The fifth series of the show began this week and, in one episode, it has already proved a more than worthy vessel for displaying the true extent of the abject degradation humans are capable of. Since the show's first season, each subsequent season has had some slight spin on the whole premise of sequestering a group of people on an island. They've introduced two groups on different islands as well as putting two groups on the same island, without either of the groups knowing of the other's presence at the outset. They've previously demarcated these groups in different seasons by age and gender and, when the groups would inevitably come into contact, they would eventually achieve something approaching harmony in the primitive society that they evolved.
This season, they have similarly placed two separate groups on one island. What differentiates these two groups however is their financial clout and, implicitly, their class. One is a group of people who earn an average annual income of some £100,000 the other on average earn less than the national average salary. This is Bear Grylls' polite workaround of saying 'what happens if we get a load of posh people and a load of working class people - who have lots of pre-conceived ideas about one another - remove them from the jurisdiction of any recongisible law enforcement and see how long it takes for a class-motivated murder to happen'.
The working-class group, led by Phil, a glazier and parody of a Cockney, were immediately incensed by the muted reception they got from the posh group when the two groups first came into contact on a beach.
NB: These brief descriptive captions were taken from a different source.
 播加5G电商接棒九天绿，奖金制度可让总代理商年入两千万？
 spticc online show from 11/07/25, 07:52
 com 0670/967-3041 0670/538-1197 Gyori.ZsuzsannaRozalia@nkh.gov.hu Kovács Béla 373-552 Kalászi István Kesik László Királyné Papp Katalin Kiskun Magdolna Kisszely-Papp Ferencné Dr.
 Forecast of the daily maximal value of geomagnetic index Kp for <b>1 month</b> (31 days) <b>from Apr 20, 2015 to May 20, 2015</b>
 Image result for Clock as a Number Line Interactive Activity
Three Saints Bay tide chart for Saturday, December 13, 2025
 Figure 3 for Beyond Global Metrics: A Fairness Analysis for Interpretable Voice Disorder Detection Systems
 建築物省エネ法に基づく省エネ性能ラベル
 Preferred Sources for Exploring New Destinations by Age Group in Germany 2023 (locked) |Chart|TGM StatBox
In fact, the only thing that infuriated them more than being ignored by the posh people was when the posh people stopped ignoring them and they realised how largely awful the posh people were.
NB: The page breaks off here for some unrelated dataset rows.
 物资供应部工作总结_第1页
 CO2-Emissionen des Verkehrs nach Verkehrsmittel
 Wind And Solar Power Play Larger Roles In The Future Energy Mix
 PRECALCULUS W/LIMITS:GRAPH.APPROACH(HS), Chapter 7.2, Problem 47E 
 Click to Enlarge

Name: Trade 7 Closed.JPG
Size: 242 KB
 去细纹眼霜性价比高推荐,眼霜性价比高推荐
Far from putting aside their class differences, and realising that on a remote Pacific island where both groups have equal resources and are thus on an equal footing, each group immediately split off after meeting and became adament that it would be the first to light a fire, like some sort of petty Neaderthal Olympics. When two of the working class group, ingeniously decided to use the wool from a(n unused) tampon as kindling, they won the race to achieve ignition and the posh people, far from celebrating the collective victory of the overall group as a whole, seemed legitimately crestfallen as they gazed forlornly at a woman, employed as a receptionist at a scrapyard, waddling across the beach triumphantly holding aloft a smouldering bit of tampon, like some bikini-clad Prometheus.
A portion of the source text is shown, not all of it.